Il giudice a quo avrebbe omesso l’esame di fatti decisivi per il giudizio e controversi che la ricorrente elenca (pp. 17-18), indica quando e dove sono stati versati in atti (p. 19), allega all’odierno ricorso e di cui deduce la decisività.

3. Con il terzo motivo, ricondotto all’art. 360 c.p.c., comma 1, n. 3, la ricorrente deduce la violazione e/o errata applicazione degli artt. 2041 e 2042 c.c. e del D.Lgs. n. 502 del 1992, art. 9 quinquies, lett. d e della L.R. Lazio n. 4 del 2003, art. 19, lett. d.

La ricorrente lamenta che il giudice di merito, pur avendo ritenuto ammissibile la domanda ex art. 2041 c.c. e pur facendo applicazione dei principi enunciati dalle Sezioni Unite nella sentenza n. 10798/2015, abbia contraddittoriamente ritenuto non ricorrente l’utilitas per le prestazioni erogate extra budget adducendo la incompatibilità ontologica di una tale utilitas, stante il budget vincolato e determinato all’atto della programmazione della spesa, in contrasto proprio con la giurisprudenza di legittimità.
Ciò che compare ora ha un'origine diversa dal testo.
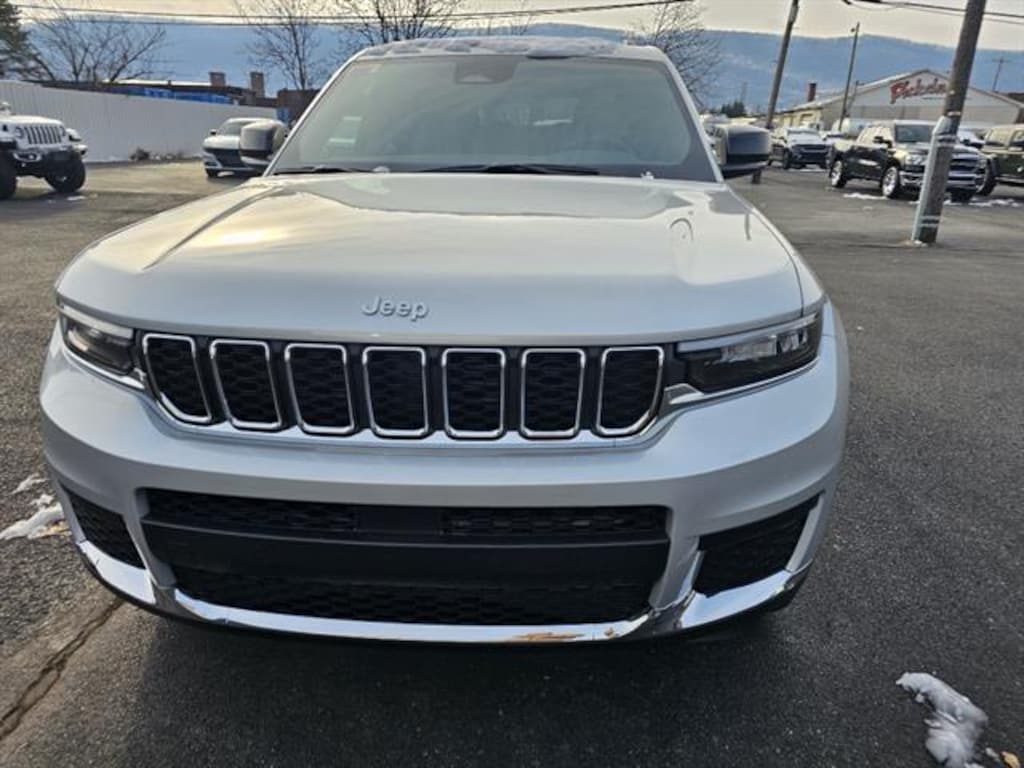 New 2025 Jeep Grand Cherokee L LAREDO X 4X4 Sport Utility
4. Con il quarto motivo, ai sensi dell’art. 360 c.p.c., comma 1, n. 5, la ricorrente deduce l’omesso esame di un fatto decisivo e controverso nonchè un ulteriore vizio motivazionale in relazione alla violazione dell’art. 115 c.p.c.. In particolare, lamenta che il giudice a quo non abbia valutato la particolare natura dei ricoveri, urgenti ed indifferibili, nonchè la provenienza da disposizioni scritte di trasferimento sottoscritte dai Pronto Soccorsi di ospedali pubblici per loro criticità, deducibili da elementi sottoposti al vaglio del giudice di merito – nel ricorso si dà conto di quando sono stati versati in atti (p. 29) – che, se esaminati, avrebbero giustificato quanto meno la indennizzabilità delle relative spese ai sensi degli artt. 2041 e 2042 c.c..

5. I primi due motivi di ricorso, esaminabili congiuntamente data la loro connessione, sono infondati.
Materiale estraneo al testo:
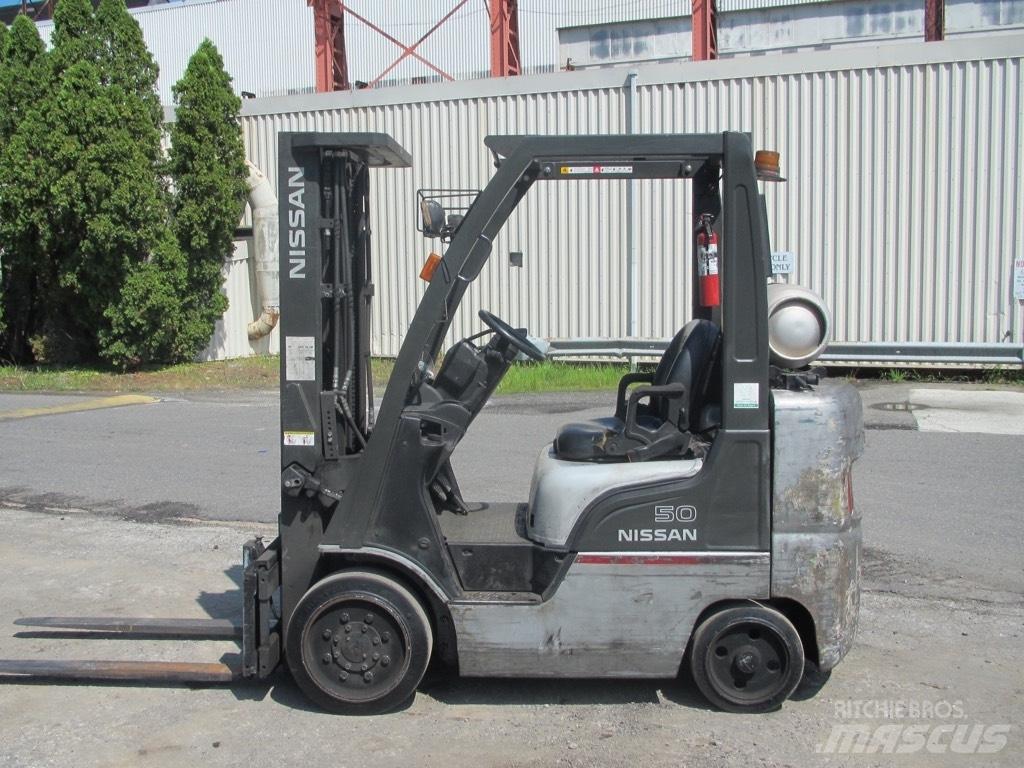 Nissan MCP1F2A25LV Terénne vysokozdvižné vozíky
Pur rispondendo al vero che la condotta antigiuridica fatta valere in giudizio non era quella della mancata retribuzione delle prestazioni extra budget, bensì quella derivante dal mancato ottemperamento agli obblighi di fissare i criteri per determinare la remunerazione delle prestazioni anche nei casi in cui le strutture avessero erogato prestazioni eccedenti rispetto a quelle concordate e che tali obblighi derivavano dal D.Lgs. n. 502 del 1992, art. 8 quinquies, lett. d – il quale impegnava le Regioni a definire i criteri di determinazione della remunerazione delle strutture che abbiano erogato prestazioni eccedenti quelle concordate – dalla L.R. Lazio n. 4 del 2003, art. 19, lett. d – di analogo contenuto prescrittivo – nonchè dal contratto, è altrettanto vero e prevalente che la giurisprudenza amministrativa, con orientamento costante (Cons. Stato, sez. III, 08/01/2019; n. 184; Con. Stato, sez. III, 27/02/2018, n. 1206; Cons. St. Sez. III, 10/02/2016, n. 567;Cons.Stato, sez. III, 14/12/2012, n. 6432), ha precisato che l’osservanza del tetto di spesa in materia sanitaria rappresenta un vincolo ineludibile che costituisce la misura delle prestazioni sanitarie che il Servizio sanitario nazionale può erogare e che può permettersi di acquistare da ciascun erogatore privato, con la conseguenza che deve considerarsi giustificata (anche) la mancata previsione di criteri di remunerazione delle prestazioni extra budget – ipotesi occorsa nella fattispecie concreta – per la necessità di dover comunque rispettare i tetti di spesa e, quindi, il vincolo delle risorse disponibili (Cons. Stato, sez. III 10/02/2016 n. 566; Con. Stato, sez. III, 10/04/2015, n. 1832).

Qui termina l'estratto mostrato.